Read this before trusting Greenlock's verdict in an untrusted setting.
Greenlock's guarantee — apply only if green, else refuse (WRONG-APPLY = 0) —
defends against accidental breakage and hallucinations from a non-adversarial
author (an AI model making mistakes, a typo, a regression). That is what it was
built for, and it does it well.
It is not a sandbox, and on its own it does not defend against a malicious code author who is actively trying to fool the verifier.
To produce a verdict, Greenlock executes code: it copies the repo into
.groundqa_sandbox/ and runs the project's own test suite (pytest, node --test, …)
with the host interpreter, as the current user, with full filesystem and network
access.
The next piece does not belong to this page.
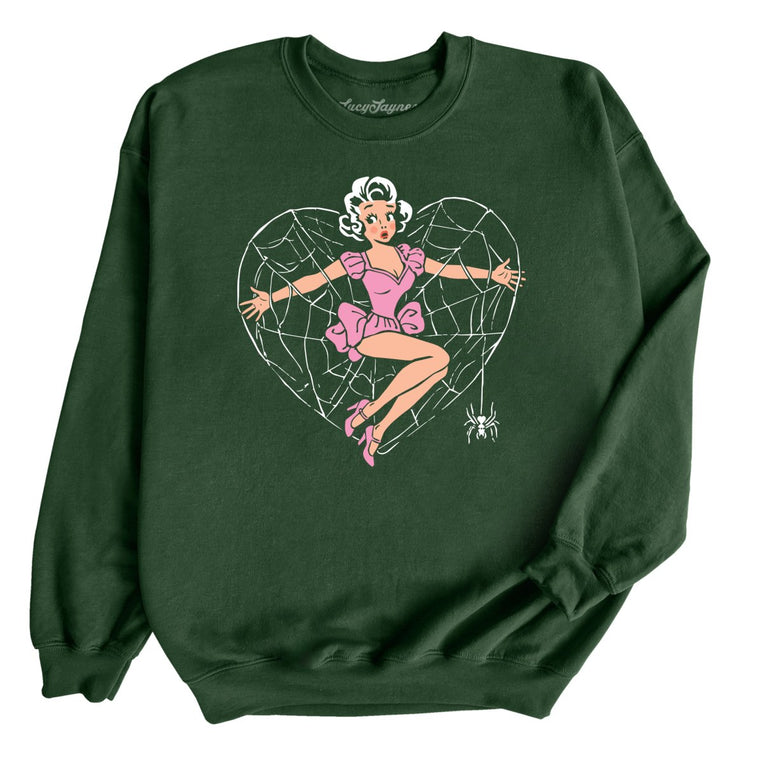Spider Web Heart Pinup - Forest Green - Unisex Sweatshirt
The sandbox isolates files (for rollback), not execution.
Run Greenlock only in an isolated, ephemeral environment — a GitHub-hosted runner, a fresh container, or a VM you can throw away. The provided GitHub Action runs on ephemeral runners for exactly this reason. Do not point it at untrusted diffs on a persistent host or your laptop without isolation.
-
Arbitrary code execution via tests. Any patch that adds or changes test code runs during verification. A malicious test can run
os.system(...), exfiltrate data, etc. — and the gate would still report MERGE if tests pass.- Mitigation (defense-in-depth): the danger-check (greenlock/danger.py)
rejects patches that introduce
os.system/subprocess/eval/exec/… before the oracle runs, so the demonstrated payloads are refused without executing. - Real fix: run the whole gate inside a one-shot container — opt-in Docker
isolation is implemented:
--network none, read-only rootfs, repo mounted read-only, non-root,--cap-drop ALL, resource limits,--rm. See docs/isolation.md (python -m greenlock.isolate <repo> <diff>).
- Mitigation (defense-in-depth): the danger-check (greenlock/danger.py)
rejects patches that introduce
-
Closed-world bypass.
closed_worldis a heuristic AST pre-filter, not a security boundary. Dynamic dispatch (eval,getattr,__import__) hides references from it.- Mitigation: the danger-check flags introduced
eval/exec/compile/__import__/dynamicgetattrand refuses such patches.
- Mitigation: the danger-check flags introduced
-
Test-evasion ("two-faced" / defeat-device code). Code that detects it is under test (e.g.
PYTEST_CURRENT_TEST,sys.moduleschecks) and behaves correctly only then, while misbehaving in production. This is a fundamental limit of any dynamic, test-based oracle — it cannot be fully eliminated by running tests.- Mitigation: the danger-check flags introduced test-environment detection
(
PYTEST_CURRENT_TEST,sys.modulesmembership checks). - Reducing risk further: run tests in a production-like environment with test-only signals stripped where possible; add differential / mutation testing.
- Mitigation: the danger-check flags introduced test-environment detection
(
It is defense-in-depth, not a sandbox. It only inspects Python (.py) and flags
constructs the patch introduced (existing project code is not penalized). A
determined adversary can obfuscate around an AST filter — so it raises the bar and
stops the obvious/demonstrated attacks, but execution isolation remains the real
boundary.
Open a GitHub issue (for non-sensitive findings) or contact the maintainer. Reproductions and threat-model challenges are very welcome — this document exists because of one.
- Opt-in Docker isolation for the verifier (network-off, read-only, non-root, cap-drop, limits) — see docs/isolation.md.
- microVM runtime (gVisor/Kata/Firecracker) for hosted/high-assurance use.
- Configurable danger allow/deny lists.
- Danger-check for non-Python languages (via tree-sitter).